Premier’s core consulting business focus is to provide subject matter expertise through its consulting teams in a variety of ways that continue to help its clients navigate the changing business climate. Premier’s approach is built 100% around its people — it is about knowledge, expertise and execution. Premier has a focus on building its knowledge practices with talent in core areas and industries it feels offer opportunities including: compliance/regulatory, business performance and process, finance,  life science, energy, government and health sectors. Premier’s recruiting and sales organization work with clients closely — a consultative approach — to understand the business direction, initiatives or issues they are dealing with. The Company’s goal is to provide industry expertise as well as in our core disciplines to allow for successful efforts.

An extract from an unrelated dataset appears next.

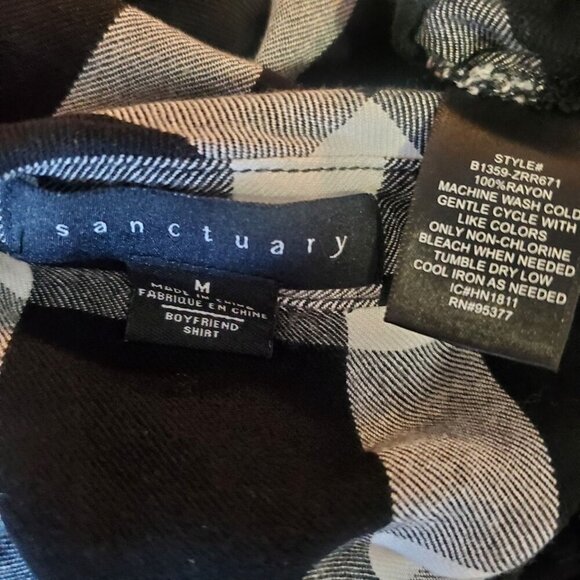 Sanctuary Anthro Womens Black & White Plaid Grunge Soft Boyfriend Shirt Medium - Picture 11 of 11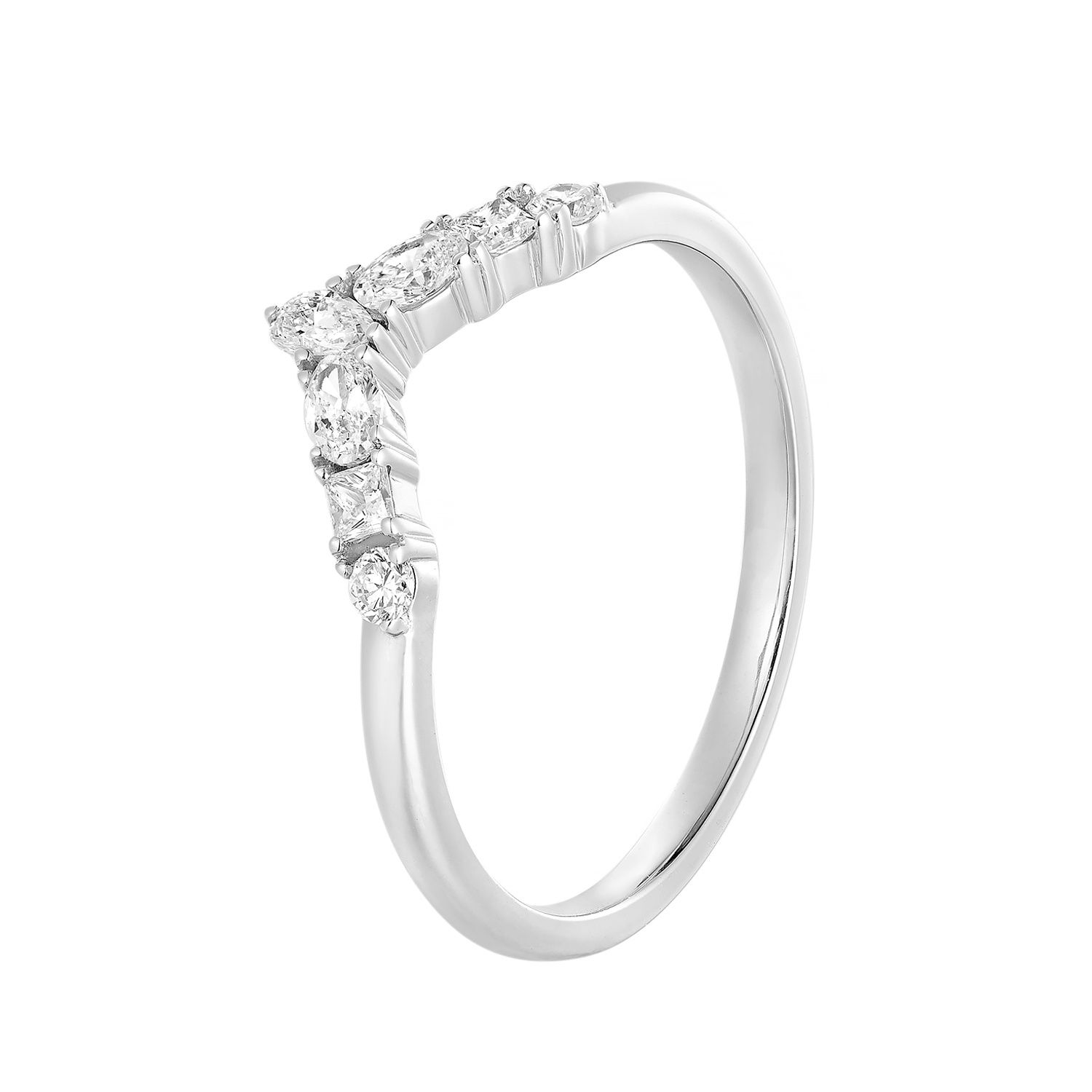 14K White/Yellow Gold Lab Grown Diamond Wedding Band MZ2591, Colour: 14KW-1.67g-0.29ct-LG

Premier’s typical clients have historically been Fortune 500 companies (including AIG, Lincoln Financial Group, Duke Power, Bank of America, and Wells Fargo), and they continually seek expertise and knowledge in areas such as project management, business consulting, and business analysis. With Premier’s recent acquisitions, Premier is better positioned to service emerging business and the mid-market arena, especially as it relates to life sciences, biotech and technology focused companies.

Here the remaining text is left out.